> [WHAT YOU WILL DO] Your output should be the lines from the start of the data through the line containing "75歐姆焊接式鍍鎳BNC母頭是什么意思", exactly and nothing more.

> [DATASET]
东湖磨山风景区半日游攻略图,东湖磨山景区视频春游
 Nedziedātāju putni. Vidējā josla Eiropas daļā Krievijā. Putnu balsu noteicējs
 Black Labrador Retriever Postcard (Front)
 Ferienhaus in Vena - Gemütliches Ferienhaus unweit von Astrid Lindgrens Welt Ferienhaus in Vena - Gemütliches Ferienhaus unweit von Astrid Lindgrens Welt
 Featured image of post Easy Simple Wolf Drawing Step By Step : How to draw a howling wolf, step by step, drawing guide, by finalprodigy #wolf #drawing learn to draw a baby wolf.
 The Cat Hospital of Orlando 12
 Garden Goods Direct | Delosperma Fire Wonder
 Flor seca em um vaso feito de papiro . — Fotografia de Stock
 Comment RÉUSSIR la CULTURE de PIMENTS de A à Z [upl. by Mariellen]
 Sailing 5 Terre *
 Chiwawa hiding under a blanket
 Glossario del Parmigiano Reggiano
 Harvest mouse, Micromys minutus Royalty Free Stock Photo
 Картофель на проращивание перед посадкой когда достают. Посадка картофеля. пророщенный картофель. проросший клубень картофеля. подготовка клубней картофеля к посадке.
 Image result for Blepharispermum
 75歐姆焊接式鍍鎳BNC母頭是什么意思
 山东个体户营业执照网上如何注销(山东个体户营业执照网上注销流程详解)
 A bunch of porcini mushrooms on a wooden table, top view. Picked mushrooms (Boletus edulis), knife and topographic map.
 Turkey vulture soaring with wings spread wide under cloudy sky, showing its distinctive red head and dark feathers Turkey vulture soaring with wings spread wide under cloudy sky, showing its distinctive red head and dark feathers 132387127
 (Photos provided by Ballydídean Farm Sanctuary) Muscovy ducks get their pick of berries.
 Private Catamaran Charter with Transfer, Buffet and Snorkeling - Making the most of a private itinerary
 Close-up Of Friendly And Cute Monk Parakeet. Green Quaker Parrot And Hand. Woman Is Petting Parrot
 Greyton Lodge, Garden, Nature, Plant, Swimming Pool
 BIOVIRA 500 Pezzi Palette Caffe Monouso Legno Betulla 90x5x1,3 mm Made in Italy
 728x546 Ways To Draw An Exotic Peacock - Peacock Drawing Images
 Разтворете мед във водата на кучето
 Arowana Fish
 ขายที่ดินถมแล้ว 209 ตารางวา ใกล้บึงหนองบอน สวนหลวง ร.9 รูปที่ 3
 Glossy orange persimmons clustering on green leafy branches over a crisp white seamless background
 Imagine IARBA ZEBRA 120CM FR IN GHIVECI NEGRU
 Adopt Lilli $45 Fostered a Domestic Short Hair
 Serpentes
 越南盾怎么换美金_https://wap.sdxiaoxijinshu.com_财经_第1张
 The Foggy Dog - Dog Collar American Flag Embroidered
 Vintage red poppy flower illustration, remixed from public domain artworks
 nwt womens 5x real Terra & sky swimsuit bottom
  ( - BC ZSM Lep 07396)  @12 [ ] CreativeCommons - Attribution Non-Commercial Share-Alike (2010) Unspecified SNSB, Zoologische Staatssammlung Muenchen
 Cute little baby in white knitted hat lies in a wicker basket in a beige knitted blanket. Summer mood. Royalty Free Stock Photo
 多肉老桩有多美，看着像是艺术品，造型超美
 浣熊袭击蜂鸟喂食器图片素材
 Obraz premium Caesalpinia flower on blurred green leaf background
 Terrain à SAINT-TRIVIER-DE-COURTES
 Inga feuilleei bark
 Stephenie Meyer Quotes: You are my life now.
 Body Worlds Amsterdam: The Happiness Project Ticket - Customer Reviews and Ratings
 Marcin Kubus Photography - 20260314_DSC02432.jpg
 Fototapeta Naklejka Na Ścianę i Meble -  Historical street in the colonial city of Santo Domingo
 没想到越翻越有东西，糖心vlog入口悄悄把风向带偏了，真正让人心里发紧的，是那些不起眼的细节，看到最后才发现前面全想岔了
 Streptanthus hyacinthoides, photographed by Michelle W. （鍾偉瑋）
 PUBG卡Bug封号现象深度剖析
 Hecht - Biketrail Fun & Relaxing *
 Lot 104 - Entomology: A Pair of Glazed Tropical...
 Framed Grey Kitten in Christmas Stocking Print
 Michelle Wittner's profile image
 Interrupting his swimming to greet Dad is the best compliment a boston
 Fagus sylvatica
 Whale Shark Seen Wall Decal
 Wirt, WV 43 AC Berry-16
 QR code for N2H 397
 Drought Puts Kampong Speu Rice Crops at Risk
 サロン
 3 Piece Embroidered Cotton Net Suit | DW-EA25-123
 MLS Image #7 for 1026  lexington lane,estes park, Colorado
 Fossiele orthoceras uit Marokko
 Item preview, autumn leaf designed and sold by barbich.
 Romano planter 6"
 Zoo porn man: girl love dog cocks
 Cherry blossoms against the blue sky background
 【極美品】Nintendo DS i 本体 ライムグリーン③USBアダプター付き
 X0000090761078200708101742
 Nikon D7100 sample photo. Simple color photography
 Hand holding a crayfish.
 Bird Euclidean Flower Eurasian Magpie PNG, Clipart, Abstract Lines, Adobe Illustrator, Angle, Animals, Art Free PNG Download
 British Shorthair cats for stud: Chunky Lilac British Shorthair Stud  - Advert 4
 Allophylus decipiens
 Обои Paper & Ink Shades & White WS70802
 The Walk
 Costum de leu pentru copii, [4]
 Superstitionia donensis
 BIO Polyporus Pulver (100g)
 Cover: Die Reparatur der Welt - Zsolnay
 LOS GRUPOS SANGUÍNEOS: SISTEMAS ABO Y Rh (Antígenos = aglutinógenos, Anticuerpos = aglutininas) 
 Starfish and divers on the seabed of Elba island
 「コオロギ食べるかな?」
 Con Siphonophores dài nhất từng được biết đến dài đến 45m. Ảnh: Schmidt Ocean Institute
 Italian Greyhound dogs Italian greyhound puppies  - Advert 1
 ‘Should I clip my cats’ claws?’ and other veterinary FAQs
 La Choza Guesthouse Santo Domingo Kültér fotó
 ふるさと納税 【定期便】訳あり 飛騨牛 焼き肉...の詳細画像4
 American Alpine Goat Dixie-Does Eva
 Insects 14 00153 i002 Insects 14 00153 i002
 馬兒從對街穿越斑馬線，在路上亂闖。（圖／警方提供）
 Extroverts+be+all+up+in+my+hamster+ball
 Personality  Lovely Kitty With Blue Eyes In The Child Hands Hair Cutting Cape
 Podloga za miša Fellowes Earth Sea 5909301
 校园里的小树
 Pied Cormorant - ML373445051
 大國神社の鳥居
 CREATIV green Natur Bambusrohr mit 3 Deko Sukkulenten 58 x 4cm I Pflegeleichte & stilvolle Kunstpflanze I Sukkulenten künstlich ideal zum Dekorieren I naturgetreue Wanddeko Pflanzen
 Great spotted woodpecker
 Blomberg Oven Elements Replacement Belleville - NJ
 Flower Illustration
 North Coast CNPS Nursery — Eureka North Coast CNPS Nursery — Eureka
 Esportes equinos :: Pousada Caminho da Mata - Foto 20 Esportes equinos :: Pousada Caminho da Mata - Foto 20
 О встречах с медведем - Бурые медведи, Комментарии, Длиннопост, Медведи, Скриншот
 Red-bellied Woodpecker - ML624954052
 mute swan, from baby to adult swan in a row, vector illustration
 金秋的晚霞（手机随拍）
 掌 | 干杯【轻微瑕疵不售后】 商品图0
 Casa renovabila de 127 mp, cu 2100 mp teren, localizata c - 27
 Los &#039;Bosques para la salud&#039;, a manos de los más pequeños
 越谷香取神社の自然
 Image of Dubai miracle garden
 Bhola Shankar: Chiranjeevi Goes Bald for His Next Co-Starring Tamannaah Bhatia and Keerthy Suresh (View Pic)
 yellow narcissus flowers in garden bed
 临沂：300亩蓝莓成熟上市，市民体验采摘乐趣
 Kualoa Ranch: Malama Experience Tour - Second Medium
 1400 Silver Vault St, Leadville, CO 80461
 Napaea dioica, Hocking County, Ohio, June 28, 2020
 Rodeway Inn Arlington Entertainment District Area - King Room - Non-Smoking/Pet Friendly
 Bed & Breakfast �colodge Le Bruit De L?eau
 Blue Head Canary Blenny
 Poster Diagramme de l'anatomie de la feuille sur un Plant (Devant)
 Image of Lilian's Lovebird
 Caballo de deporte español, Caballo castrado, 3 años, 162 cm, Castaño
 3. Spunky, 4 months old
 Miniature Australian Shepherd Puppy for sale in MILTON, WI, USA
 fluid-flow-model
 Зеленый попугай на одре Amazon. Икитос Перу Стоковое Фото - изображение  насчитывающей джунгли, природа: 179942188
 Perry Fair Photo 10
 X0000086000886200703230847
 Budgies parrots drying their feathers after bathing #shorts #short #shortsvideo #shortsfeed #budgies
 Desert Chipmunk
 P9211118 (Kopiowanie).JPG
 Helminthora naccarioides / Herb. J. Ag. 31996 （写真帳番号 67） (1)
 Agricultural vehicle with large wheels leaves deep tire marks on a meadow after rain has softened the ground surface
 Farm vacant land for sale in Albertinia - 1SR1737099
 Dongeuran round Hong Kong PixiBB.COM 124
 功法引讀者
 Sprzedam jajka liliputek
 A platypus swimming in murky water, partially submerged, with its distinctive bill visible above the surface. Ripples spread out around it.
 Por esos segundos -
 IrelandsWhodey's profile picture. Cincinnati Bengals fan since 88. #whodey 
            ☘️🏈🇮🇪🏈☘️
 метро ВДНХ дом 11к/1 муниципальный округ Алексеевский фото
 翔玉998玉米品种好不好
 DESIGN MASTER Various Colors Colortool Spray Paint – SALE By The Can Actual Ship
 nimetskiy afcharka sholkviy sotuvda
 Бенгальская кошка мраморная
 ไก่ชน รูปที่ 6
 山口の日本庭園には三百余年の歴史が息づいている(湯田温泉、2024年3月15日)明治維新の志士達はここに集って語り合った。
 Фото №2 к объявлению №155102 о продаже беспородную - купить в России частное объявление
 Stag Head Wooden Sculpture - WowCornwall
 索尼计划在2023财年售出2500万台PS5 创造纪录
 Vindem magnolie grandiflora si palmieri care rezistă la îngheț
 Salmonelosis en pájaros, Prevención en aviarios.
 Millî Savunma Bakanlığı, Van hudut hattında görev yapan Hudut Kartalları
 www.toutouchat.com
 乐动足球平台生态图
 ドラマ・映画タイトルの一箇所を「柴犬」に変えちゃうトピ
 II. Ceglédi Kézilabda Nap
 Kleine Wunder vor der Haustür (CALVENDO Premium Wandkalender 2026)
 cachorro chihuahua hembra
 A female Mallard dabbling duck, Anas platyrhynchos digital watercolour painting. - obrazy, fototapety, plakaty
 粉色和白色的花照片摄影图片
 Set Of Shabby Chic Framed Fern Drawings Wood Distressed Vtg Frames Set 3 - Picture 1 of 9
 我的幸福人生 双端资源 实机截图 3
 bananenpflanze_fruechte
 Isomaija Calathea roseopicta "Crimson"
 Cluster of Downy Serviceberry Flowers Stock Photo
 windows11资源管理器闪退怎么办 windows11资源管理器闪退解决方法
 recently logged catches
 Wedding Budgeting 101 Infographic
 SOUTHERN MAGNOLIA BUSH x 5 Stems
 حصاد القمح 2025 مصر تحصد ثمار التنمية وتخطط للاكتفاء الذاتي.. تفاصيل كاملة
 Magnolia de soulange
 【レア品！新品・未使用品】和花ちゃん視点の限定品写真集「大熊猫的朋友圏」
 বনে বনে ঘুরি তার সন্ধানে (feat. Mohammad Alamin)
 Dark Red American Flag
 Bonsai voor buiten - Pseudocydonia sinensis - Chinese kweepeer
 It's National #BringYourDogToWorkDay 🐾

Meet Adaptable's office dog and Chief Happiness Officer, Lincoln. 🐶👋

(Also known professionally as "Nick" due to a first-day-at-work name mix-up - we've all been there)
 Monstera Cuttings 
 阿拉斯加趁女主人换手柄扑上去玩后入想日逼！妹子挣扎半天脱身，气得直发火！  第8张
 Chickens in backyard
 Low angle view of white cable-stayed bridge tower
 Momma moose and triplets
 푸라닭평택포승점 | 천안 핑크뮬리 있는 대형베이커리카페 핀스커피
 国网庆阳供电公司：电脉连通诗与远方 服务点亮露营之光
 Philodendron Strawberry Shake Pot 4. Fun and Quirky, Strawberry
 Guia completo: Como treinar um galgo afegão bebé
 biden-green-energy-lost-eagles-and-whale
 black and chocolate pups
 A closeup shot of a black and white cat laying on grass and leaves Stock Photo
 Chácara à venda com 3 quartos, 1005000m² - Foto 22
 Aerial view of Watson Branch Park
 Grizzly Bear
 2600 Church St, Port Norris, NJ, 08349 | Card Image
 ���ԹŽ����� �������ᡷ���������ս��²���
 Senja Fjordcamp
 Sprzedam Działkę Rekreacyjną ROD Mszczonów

> [ANSWER BELOW]
东湖磨山风景区半日游攻略图,东湖磨山景区视频春游
 Nedziedātāju putni. Vidējā josla Eiropas daļā Krievijā. Putnu balsu noteicējs
 Black Labrador Retriever Postcard (Front)
 Ferienhaus in Vena - Gemütliches Ferienhaus unweit von Astrid Lindgrens Welt Ferienhaus in Vena - Gemütliches Ferienhaus unweit von Astrid Lindgrens Welt
 Featured image of post Easy Simple Wolf Drawing Step By Step : How to draw a howling wolf, step by step, drawing guide, by finalprodigy #wolf #drawing learn to draw a baby wolf.
 The Cat Hospital of Orlando 12
 Garden Goods Direct | Delosperma Fire Wonder
 Flor seca em um vaso feito de papiro . — Fotografia de Stock
 Comment RÉUSSIR la CULTURE de PIMENTS de A à Z [upl. by Mariellen]
 Sailing 5 Terre *
 Chiwawa hiding under a blanket
 Glossario del Parmigiano Reggiano
 Harvest mouse, Micromys minutus Royalty Free Stock Photo
 Картофель на проращивание перед посадкой когда достают. Посадка картофеля. пророщенный картофель. проросший клубень картофеля. подготовка клубней картофеля к посадке.
 Image result for Blepharispermum
 75歐姆焊接式鍍鎳BNC母頭是什么意思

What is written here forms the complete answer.